PUBLISHED : Sunday, 21 May, 2017, 9:07pm
UPDATED : Sunday, 21 May, 2017, 9:39pm

Industrial giant Zoomlion Heavy Industry Science and Technology has agreed to sell 80 per cent of its environmental sanitation equipment and environmental business for 11.6 billion yuan (US$1.69 billion).

The move would “significantly lower” its debt leverage ratio and strengthen its “capability for sustainable development,” the Hong Kong and Shenzhen-listed firm said in a filing to Hong Kong’s bourse on Sunday.

Its net debt-to-shareholders’ equity ratio stood at 51 per cent at the end of March.

The sale will allow the firm to focus on its industrial and agricultural equipment businesses.

It expects to book a gain of 9.13 billion yuan from the sale, based on its preliminary estimate.

The Changsha, Hunan province-based firm will retain a 20 per cent stake in Changsha Zoomlion Environmental Industry, the unit being divested.

The environmental unit booked a 9.2 per cent rise in net profit to 755.5 million yuan last year, as revenue grew 23.6 per cent to 4.5 billion yuan.

The 80 per cent stake sale implies the entire unit is valued at 14.5 billion yuan, 19.2 times its 2016 earnings.

Of the 80 per cent stake, 51 per cent will be sold to electronics and environmental protection equipment maker Infore Holding, 4 per cent to Guangzhou Investment, 21.6 per cent to Hony Investment and 3.4 per cent to investment firm Lulian Junhe.

Zoomlion posted a net profit of 66 million yuan in the first three months of 207, compared to a loss of 692 million yuan in the year-earlier quarter.

Hit by weaker demand from the construction market amid a slowdown in fixed asset investment, it had a net loss of 929 million yuan last year, and a profit of only 89 million yuan in 2015.
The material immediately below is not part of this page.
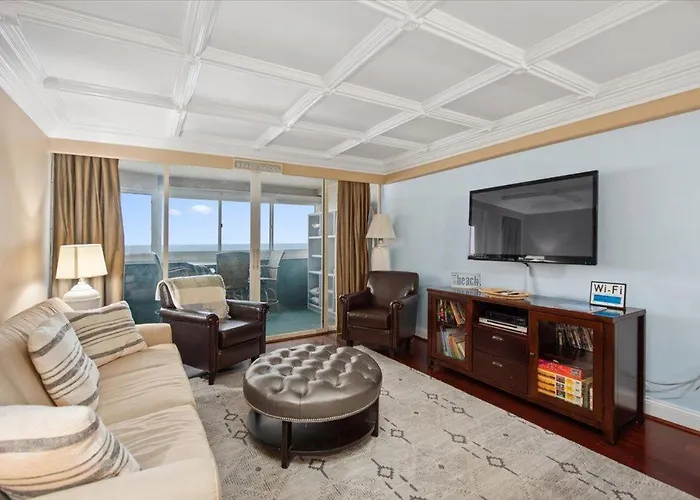 Beautiful & Spacious 3 Bedroom Atlantis Condo Steps From The Beach!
But Zoomlion said it expects to see demand grow again on the back of Beijing’s push on rural infrastructure construction and support for infrastructure construction as part of the new Silk Road development initiative.

It also expects farm equipment demand to continue to grow thanks to a “deepening of agricultural supply-side reform and increasing transfer of rural land,” which it said will stoke further mechanisation in agriculture.

A year ago, Zoomlion ended talks to buy United States-based cranemaker Terex Corp after failing to agree on terms, four months after making an unsolicited US$3.4 billion takeover bid.

Zoomlion shares in Hong Kong closed at HK$3.42 on Friday, 29 per cent down from its 2017 high of HK$4.79 seen on March 15.